X_train = np.reshape(X_train, (-1, 32, 32, 3), order='F').transpose(0, 2, 1, 3)
X_validation = np.reshape(X_validation, (-1, 32, 32, 3), order='F').transpose(0, 2, 1, 3)

## Simple CNN model

In [4]:
simple_cnn = keras.Sequential()

In [5]:
simple_cnn.add(layers.Conv2D(32, (3, 3), activation='relu', input_shape=(32, 32, 3)))
simple_cnn.add(layers.MaxPooling2D((2, 2)))
simple_cnn.add(layers.Conv2D(64, (3, 3), activation='relu'))
simple_cnn.add(layers.MaxPooling2D((2, 2)))
simple_cnn.add(layers.Conv2D(128, (3, 3), activation='relu'))
simple_cnn.add(layers.Flatten())
simple_cnn.add(layers.Dense(64, activation='relu'))
simple_cnn.add(layers.Dense(64, activation='relu'))
simple_cnn.add(layers.Dense(10))

In [6]:
simple_cnn.summary()

Model: "sequential"
_________________________________________________________________
Layer (type)                 Output Shape              Param #   
conv2d (Conv2D)              (None, 30, 30, 32)        896       
_________________________________________________________________
max_pooling2d (MaxPooling2D) (None, 15, 15, 32)        0         
_________________________________________________________________
conv2d_1 (Conv2D)            (None, 13, 13, 64)        18496     
_________________________________________________________________
max_pooling2d_1 (MaxPooling2 (None, 6, 6, 64)          0         
_________________________________________________________________
conv2d_2 (Conv2D)            (None, 4, 4, 128)         73856     
_________________________________________________________________
flatten (Flatten)            (None, 2048)              0         
_________________________________________________________________
dense (Dense)                (None, 64)                1

In [7]:
simple_cnn.compile(optimizer='adam',
              loss=tf.keras.losses.SparseCategoricalCrossentropy(from_logits=True),
              metrics=['accuracy'])

In [8]:
simple_cnn.fit(X_train, y_train, epochs=30, validation_data=(X_validation, y_validation))

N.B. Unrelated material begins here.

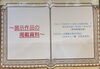 「【お知らせ】おりがみ通信『真夏の‪🔆‬ひまわり畑』（2026年7月号）」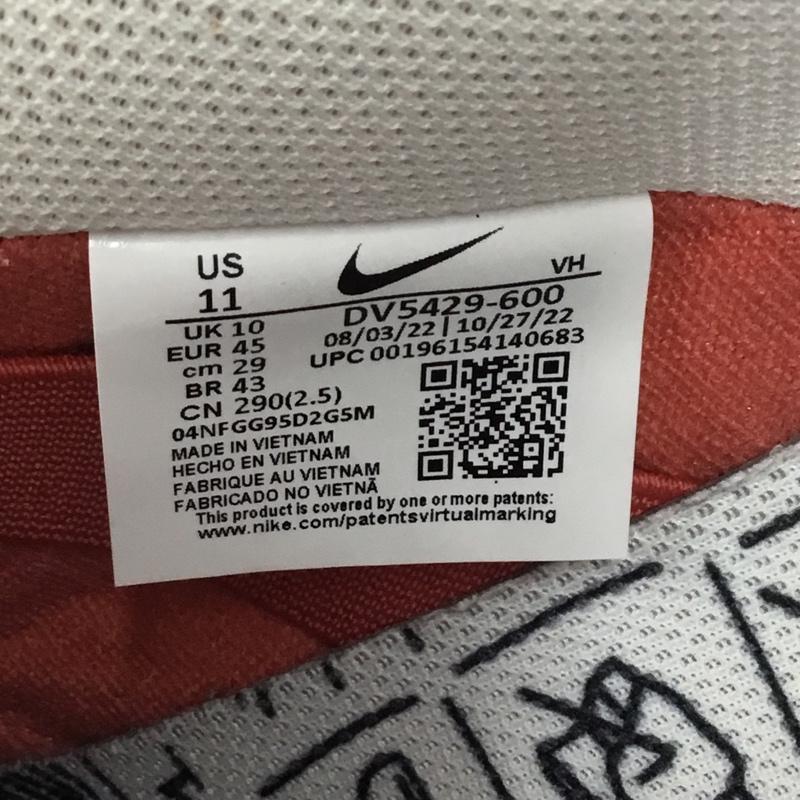 ナイキ NIKE スニーカー スニーカー DV5429 600 SB DUNK LOW PRO PREMIUM 29cm 箱有 29.0cm ロゴ、文字 桃 / ピンク /  メンズ USED 古着 中古 10102993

Train on 47500 samples, validate on 2500 samples
Epoch 1/30
Epoch 2/30
Epoch 3/30
Epoch 4/30
Epoch 5/30
Epoch 6/30
Epoch 7/30
Epoch 8/30
Epoch 9/30
Epoch 10/30
Epoch 11/30
Epoch 12/30
Epoch 13/30
Epoch 14/30
Epoch 15/30
Epoch 16/30
Epoch 17/30
Epoch 18/30
Epoch 19/30
Epoch 20/30
Epoch 21/30
Epoch 22/30
Epoch 23/30
Epoch 24/30
Epoch 25/30
Epoch 26/30
Epoch 27/30
Epoch 28/30
Epoch 29/30
Epoch 30/30


<tensorflow.python.keras.callbacks.History at 0x1a4a96bac8>

### Conclusion
Model is not generalizing for validation set -- accuracy is below 0.73 on validation set, while on training test accuracy is about 0.95.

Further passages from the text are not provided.